**What is being asked**: Pictures in the data below are not part of the copy; transcribe everything else exactly.

**Provided material**:
Start of Block
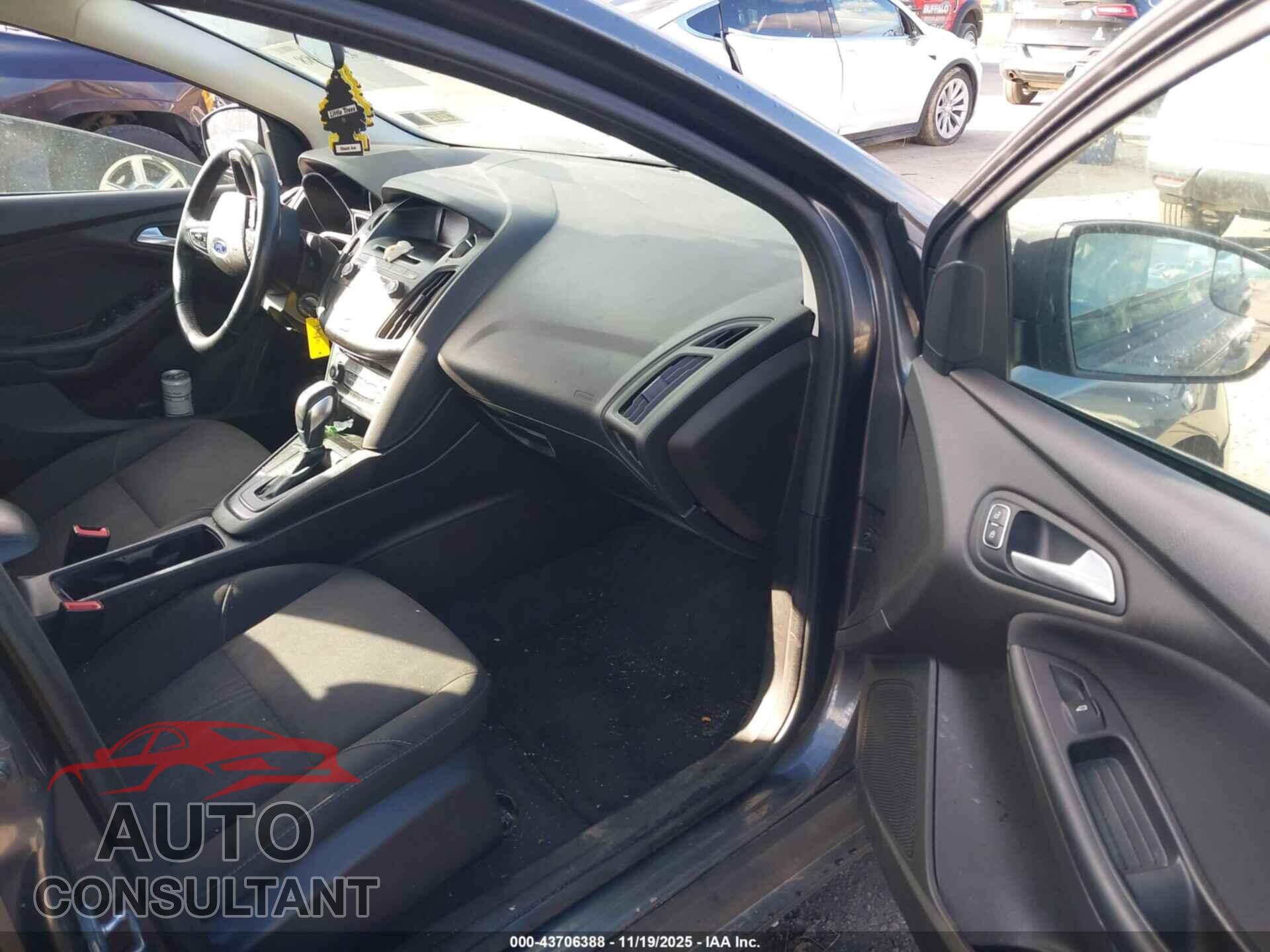 FORD FOCUS 2016 - 1FADP3F21GL359735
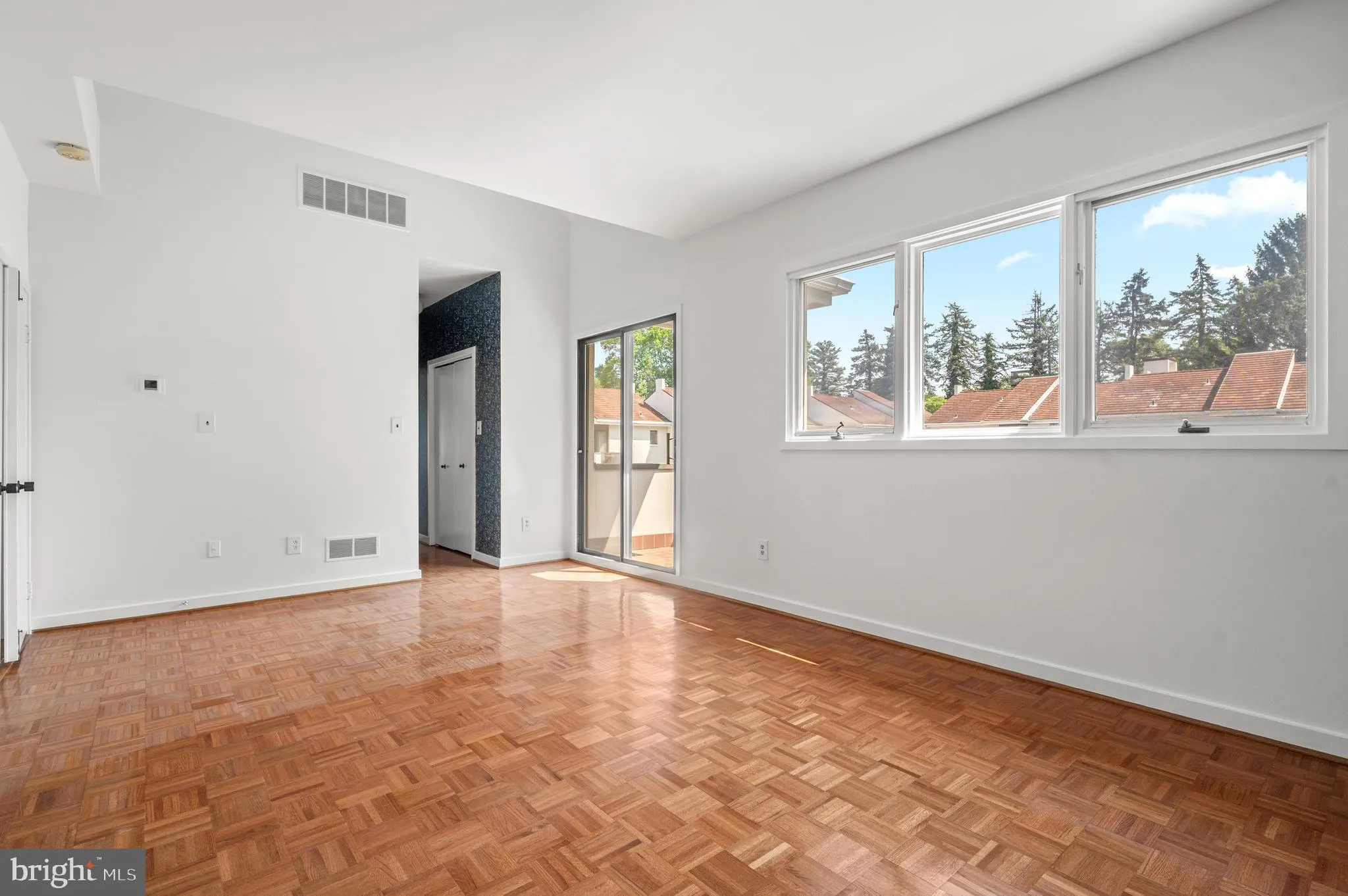 Devon, Pennsylvania 19333, United States, 3 Bedrooms Bedrooms, ,3 BathroomsBathrooms,Residential,Coming Soon,178619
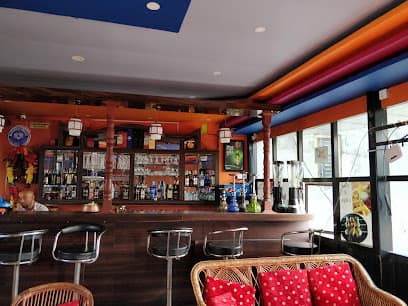 Echoes Restaurant & Hookah Bar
End of Block
**Finished exercise**:
 FORD FOCUS 2016 - 1FADP3F21GL359735
 Devon, Pennsylvania 19333, United States, 3 Bedrooms Bedrooms, ,3 BathroomsBathrooms,Residential,Coming Soon,178619
 Echoes Restaurant & Hookah Bar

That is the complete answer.